Exercise: Word for word, please copy the line containing "MeXo Gartenlounge - Set" and all lines after it in the entries below, and only those, leaving every picture out.

Given entries:
········

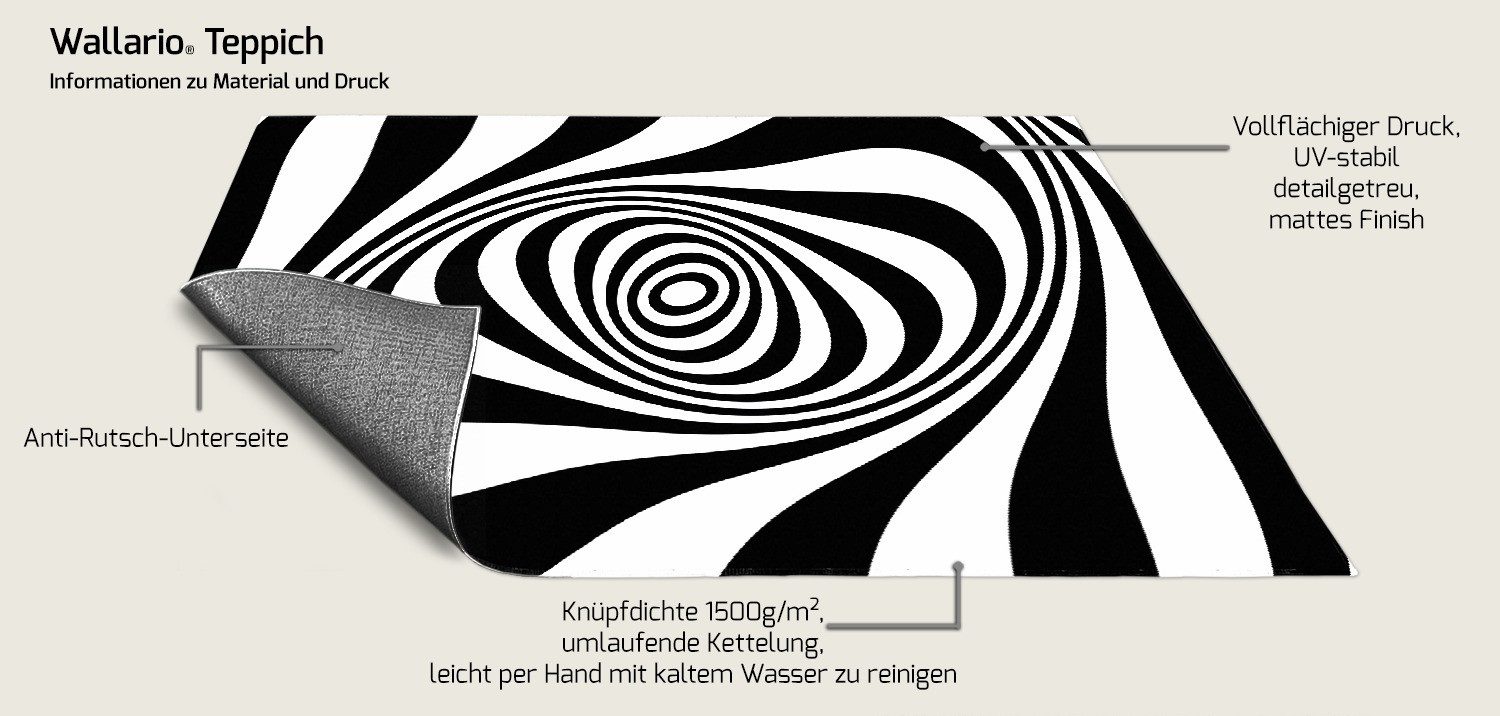 Wallario Teppich Optische Täuschung - Zebra Muster - schwarz weiß, rechteckig, rutschfest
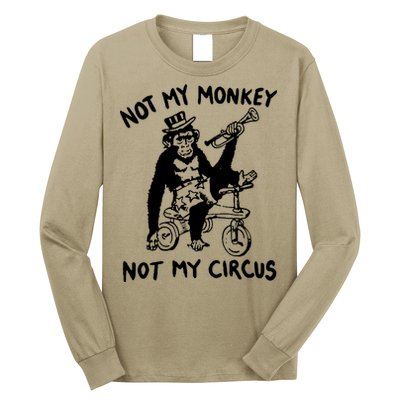 Not My Monkey Not My Circus Funny Cycling Monkey Trumpet Long Sleeve Shirt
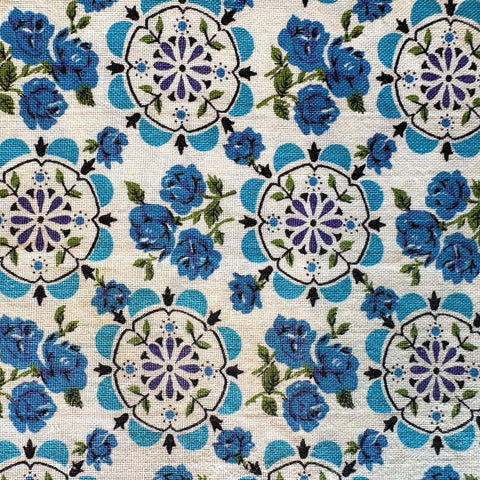 Vintage Cotton Feed Sack: Blue Flower Feed Sack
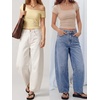 image:imageANRABESS Womens Barrel Jeans Mid Rise Wide Leg Denim Pants Casual Baggy Relaxed Fit Y2K Streetwear Boyfriend Ankle LengthWhite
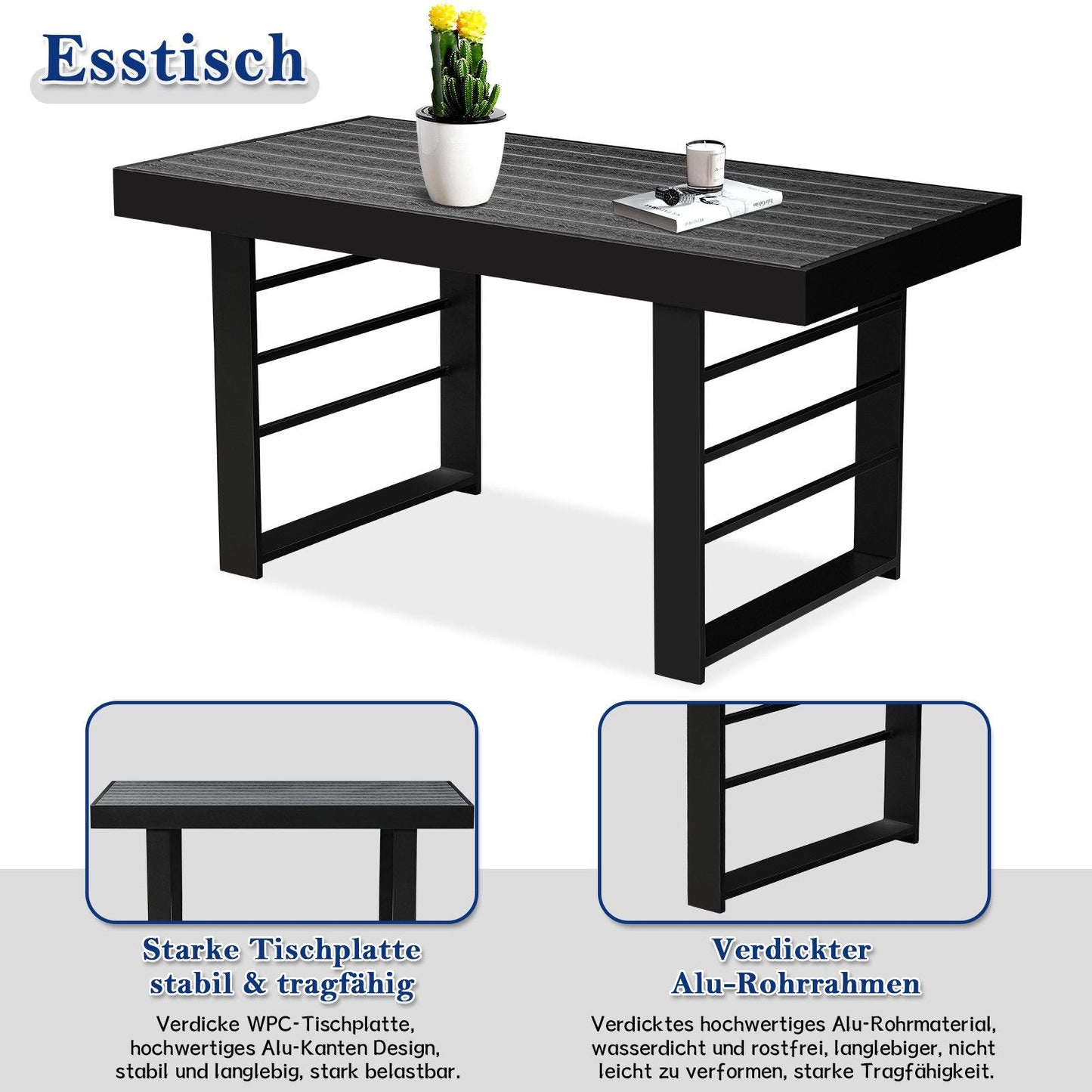 MeXo Gartenlounge - Set Gartenmöbel Set Aluminium Loungeset für Terrasse Balkon, (Set, 4 - tlg., 1×2 - Sitzer Sofa, 2×Einzelsessel, 1×Esstisch, 7×Auflagen), wetterfest Sitzgruppe Essgruppe Gartengarnitur für 3 - 4 Personen - MeXo - Home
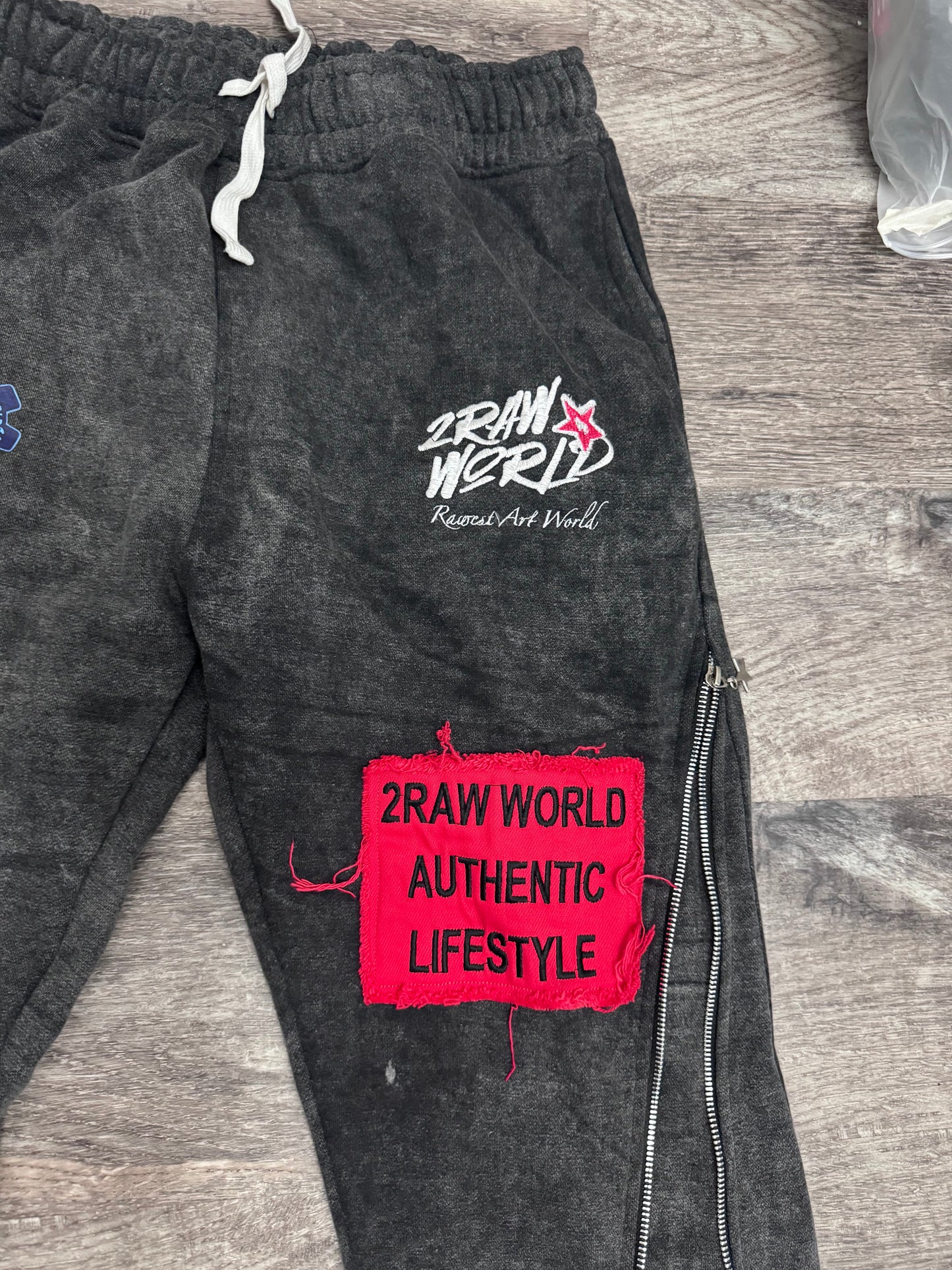 2RAW ZIP UP PANTS black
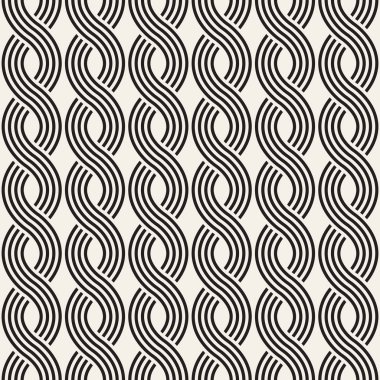 Vektör seamless modeli. Modern şık Soyut doku. Yinelenen gelen çizgili öğe geometrik çini dalgalı yuvarlak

········

Answer to the exercise:
 MeXo Gartenlounge - Set Gartenmöbel Set Aluminium Loungeset für Terrasse Balkon, (Set, 4 - tlg., 1×2 - Sitzer Sofa, 2×Einzelsessel, 1×Esstisch, 7×Auflagen), wetterfest Sitzgruppe Essgruppe Gartengarnitur für 3 - 4 Personen - MeXo - Home
 2RAW ZIP UP PANTS black
 Vektör seamless modeli. Modern şık Soyut doku. Yinelenen gelen çizgili öğe geometrik çini dalgalı yuvarlak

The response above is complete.